Your assignment: What is needed is the exact text of each line in the listing below from the one with "Saint Laurent Black" up to and including the one with "Taça de vidro", and no pictures.

Material for this exercise:
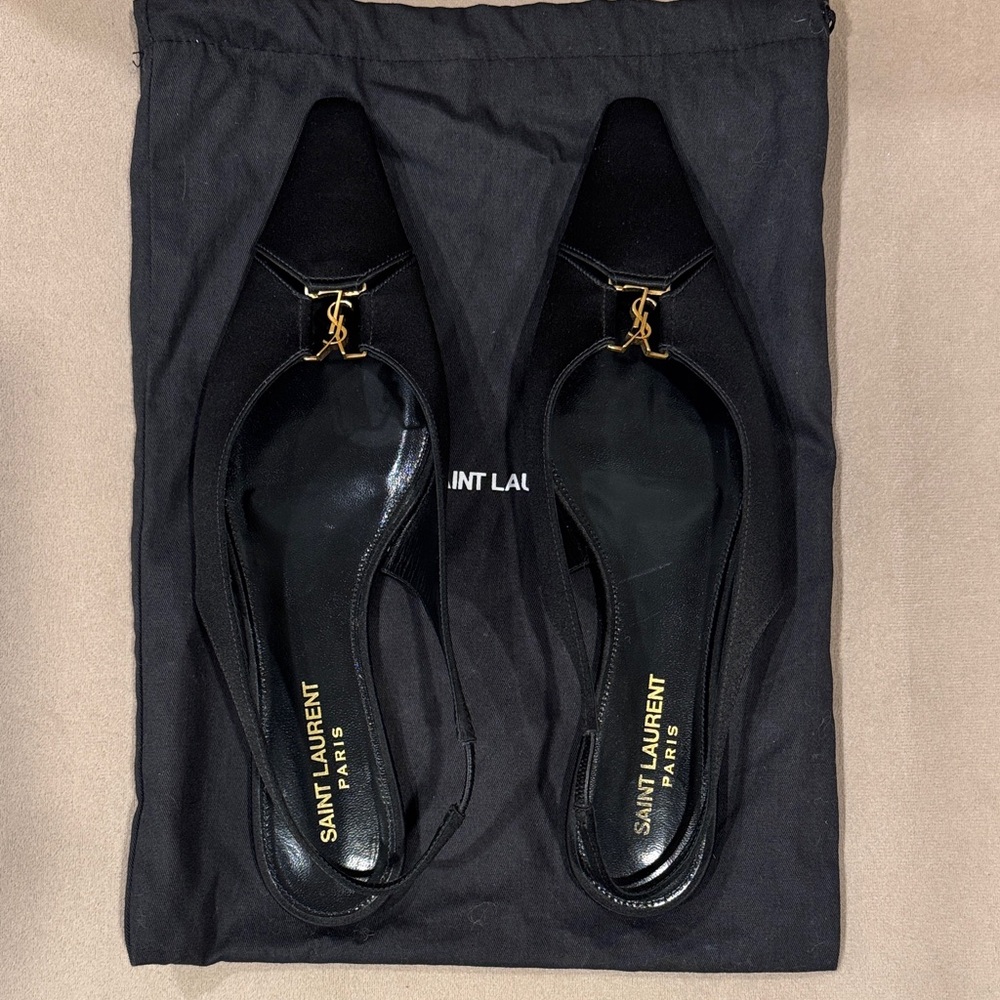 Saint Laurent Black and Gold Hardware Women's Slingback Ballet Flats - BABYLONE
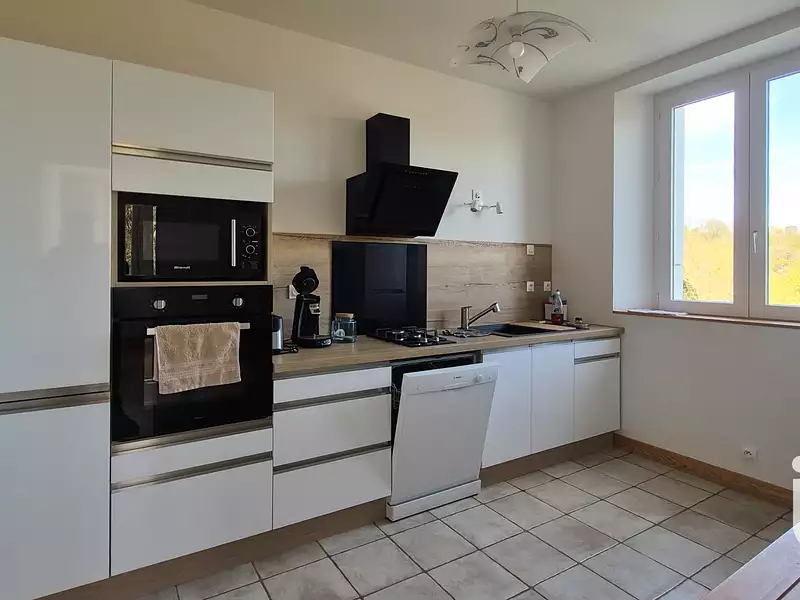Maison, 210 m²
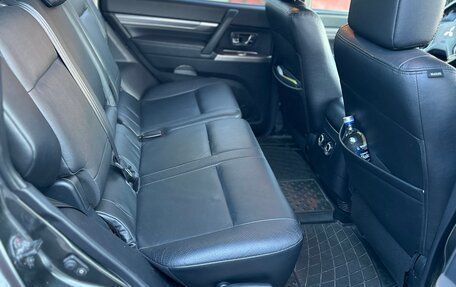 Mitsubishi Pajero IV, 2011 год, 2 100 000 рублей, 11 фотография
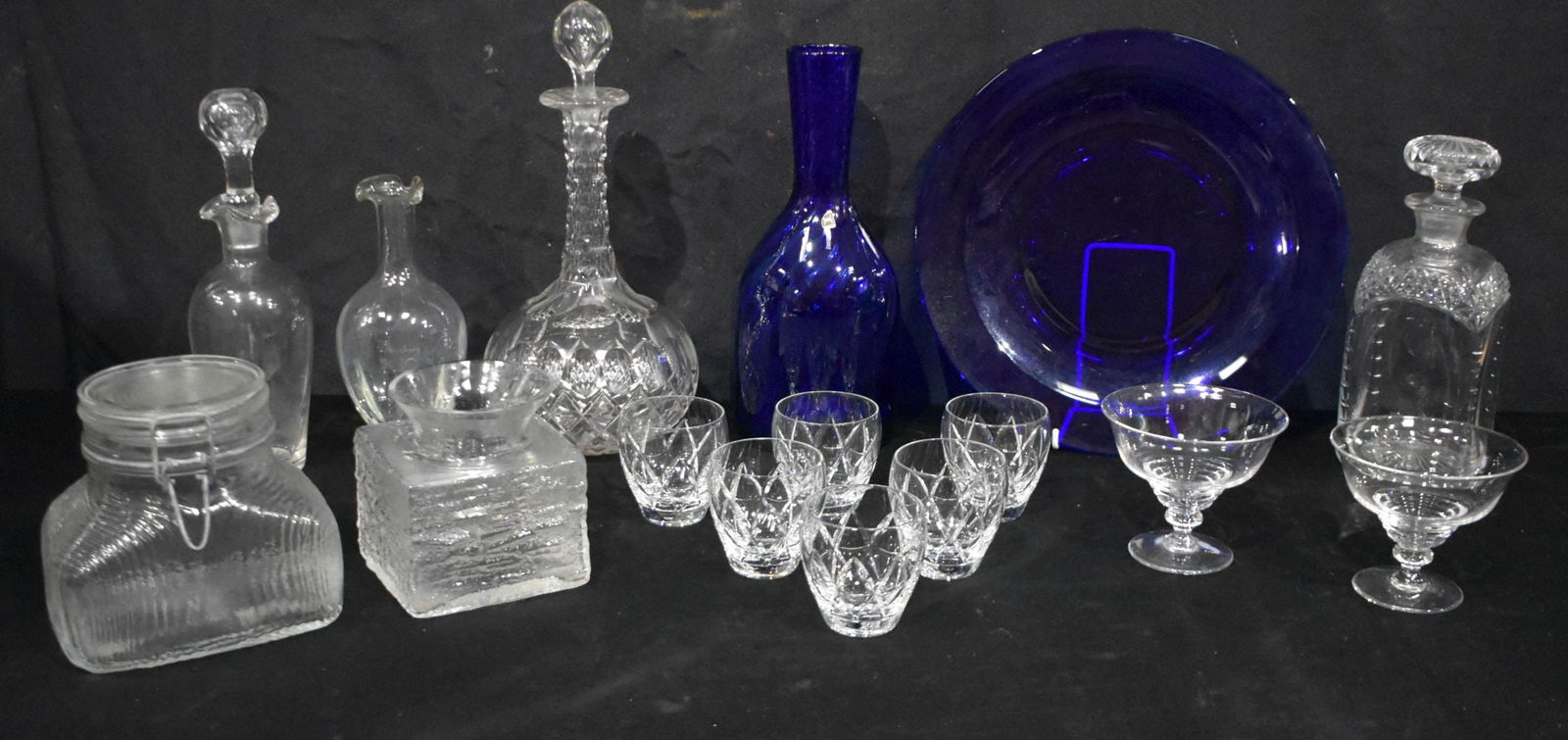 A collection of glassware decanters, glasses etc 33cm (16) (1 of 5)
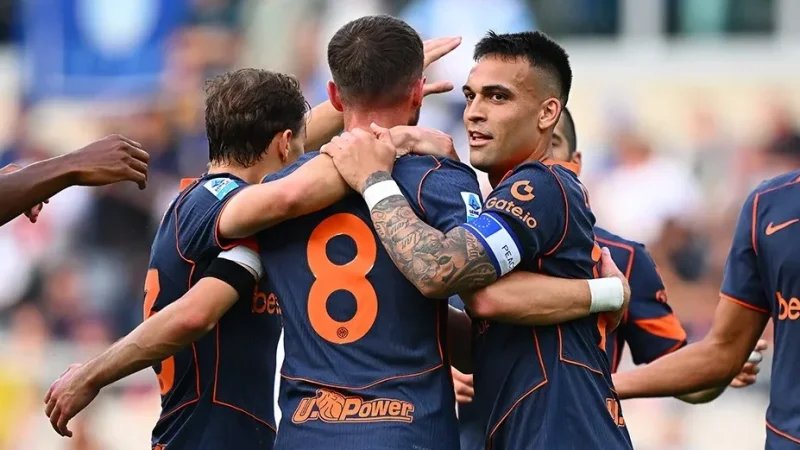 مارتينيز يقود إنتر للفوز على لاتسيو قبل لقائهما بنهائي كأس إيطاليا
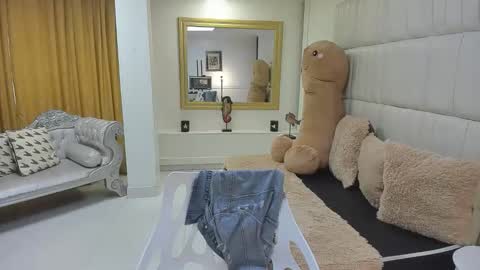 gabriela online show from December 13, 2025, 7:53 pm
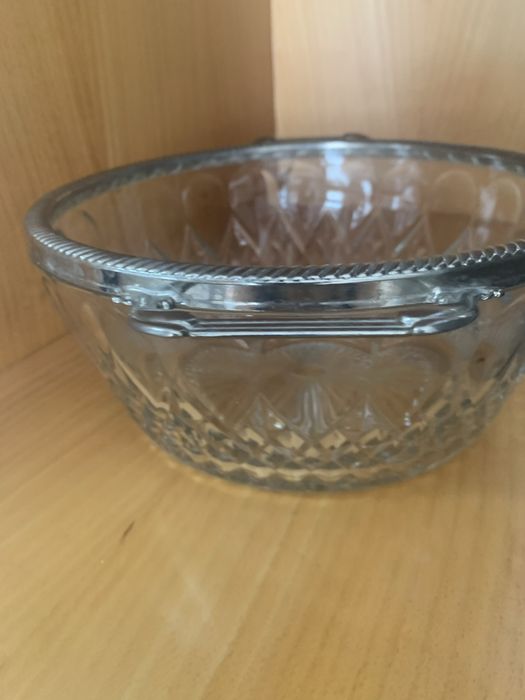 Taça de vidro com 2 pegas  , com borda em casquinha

==

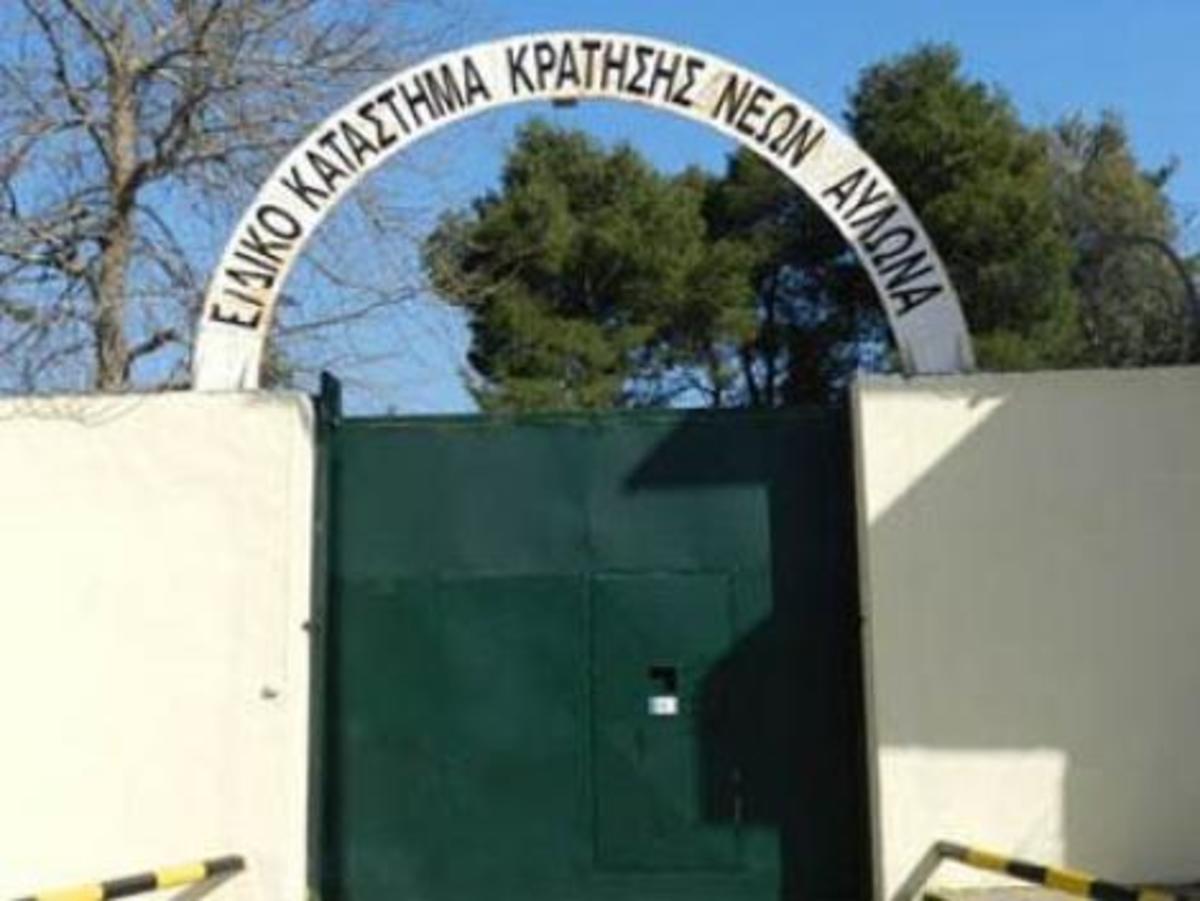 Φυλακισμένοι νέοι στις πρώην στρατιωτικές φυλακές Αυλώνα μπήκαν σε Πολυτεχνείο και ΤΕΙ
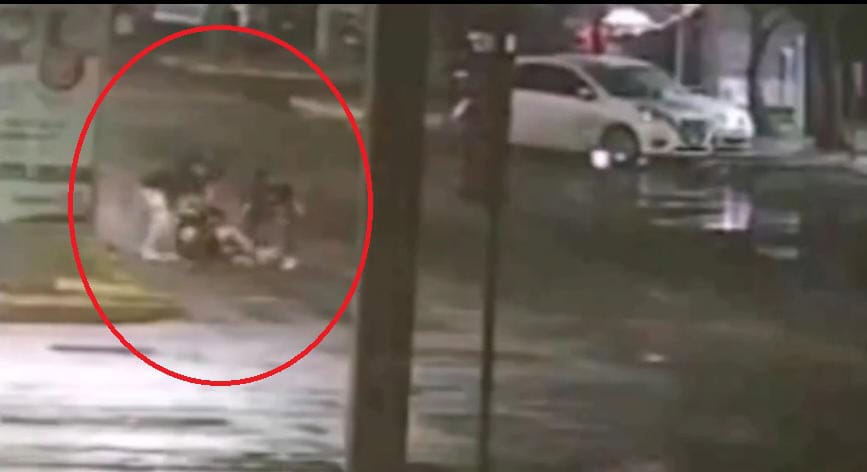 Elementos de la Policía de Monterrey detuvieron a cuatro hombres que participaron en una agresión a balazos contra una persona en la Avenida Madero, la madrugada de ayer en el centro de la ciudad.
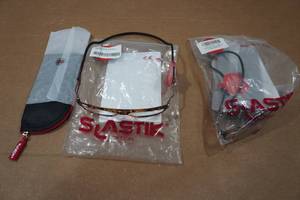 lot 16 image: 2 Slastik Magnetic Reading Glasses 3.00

* * *

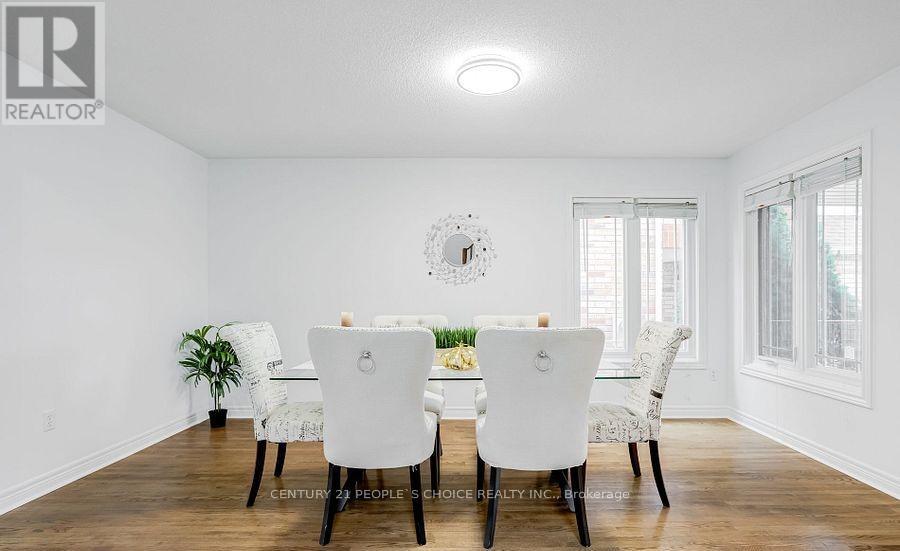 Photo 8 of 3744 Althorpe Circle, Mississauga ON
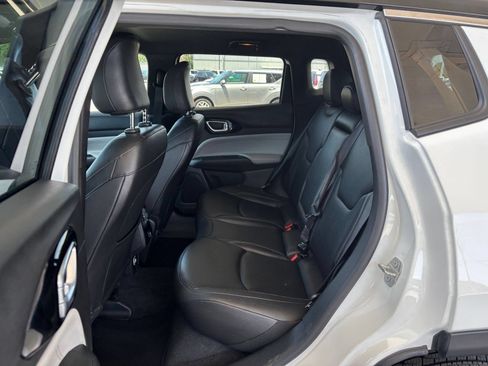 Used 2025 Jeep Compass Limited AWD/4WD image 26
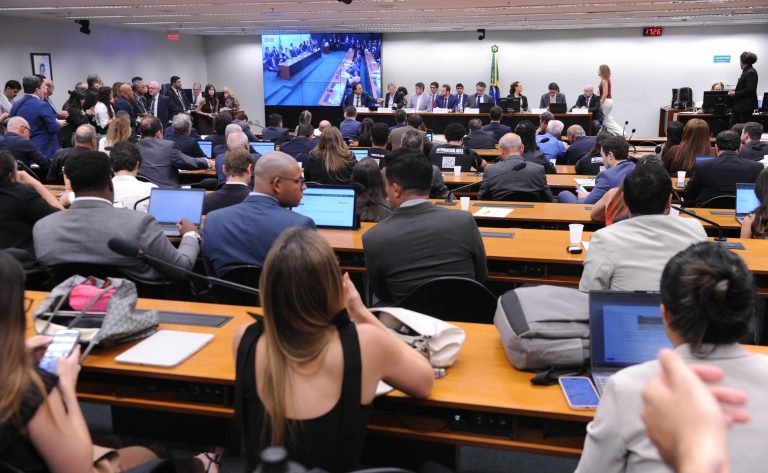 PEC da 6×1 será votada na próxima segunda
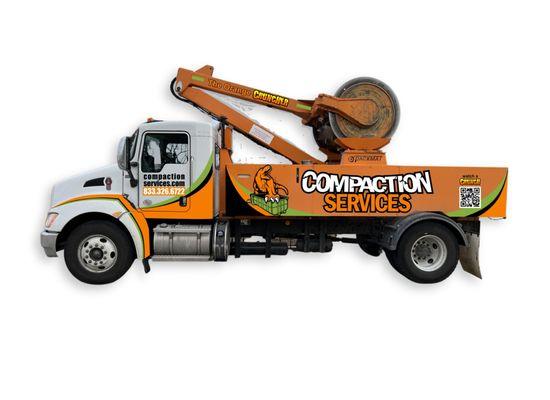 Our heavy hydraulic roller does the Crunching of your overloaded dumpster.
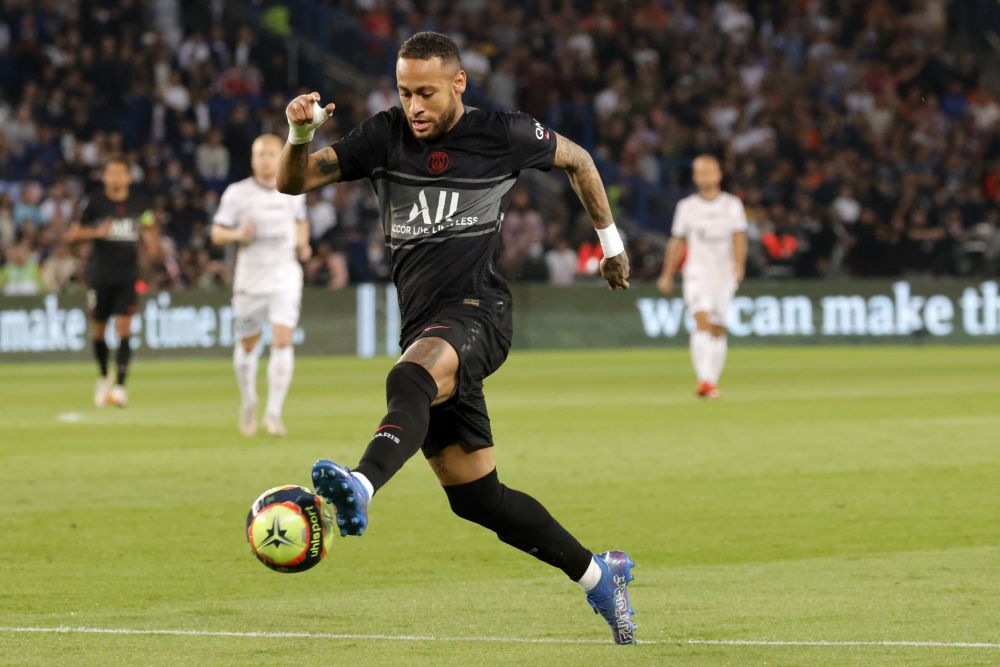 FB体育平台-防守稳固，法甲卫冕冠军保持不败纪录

Answer section:
 Saint Laurent Black and Gold Hardware Women's Slingback Ballet Flats - BABYLONE
Maison, 210 m²
 Mitsubishi Pajero IV, 2011 год, 2 100 000 рублей, 11 фотография
 A collection of glassware decanters, glasses etc 33cm (16) (1 of 5)
 مارتينيز يقود إنتر للفوز على لاتسيو قبل لقائهما بنهائي كأس إيطاليا
 gabriela online show from December 13, 2025, 7:53 pm
 Taça de vidro com 2 pegas  , com borda em casquinha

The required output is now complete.